Reputation: 79
I am trying to generate some random words for a password generator library. I could use a really long list of words but I think thats really inefficient. I have also tried using a link like so:
import urllib.request
word_url = "http://svnweb.freebsd.org/csrg/share/dict/words?view=co&content-type=text/plain"
headers = {'User-Agent': 'Mozilla/5.0 (Windows NT 6.1; Win64; x64)'}
req = urllib.request.Request(word_url, headers=headers)
response = response = urllib.request.urlopen(req)
long_txt = response.read().decode()
words = long_txt.splitlines()
However, this is a likely target for a person who would want to attack this. Full comment:
You're getting your dictionary from the web? That's one of the first places I would attack this, through DNS spoofing or flat-out interception. Don't you have a standard system wordlist (e.g. /usr/share/dict/words) that you could use instead?
The user above suggested using a standard system wordlist. How could I use a standard system wordlist to generate some words? Or are there better ways to do it? Thanks.
Edit: The above user suggested a standard system worldist however I am on windows.
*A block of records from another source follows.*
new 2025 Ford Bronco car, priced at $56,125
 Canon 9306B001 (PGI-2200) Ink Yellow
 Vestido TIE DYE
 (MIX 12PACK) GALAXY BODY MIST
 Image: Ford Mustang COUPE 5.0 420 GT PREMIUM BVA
I dont know whether this applies to windows but just so u know.
Upvotes: 1
Views: 4617
Reputation: 1722
You could get a random word from the Moby Dick book (or any other Gutenberg book) as follows:
import nltk
nltk.download('gutenberg')
from nltk.corpus import gutenberg
import random
moby = set(nltk.Text(gutenberg.words('melville-moby_dick.txt')))
moby = [word.lower() for word in moby if len(word) >2]
random_word = moby[int(random.random()*len(set(moby)))]
Note that I've taken the set of moby
so that all the words are uniformly distributed
Upvotes: 1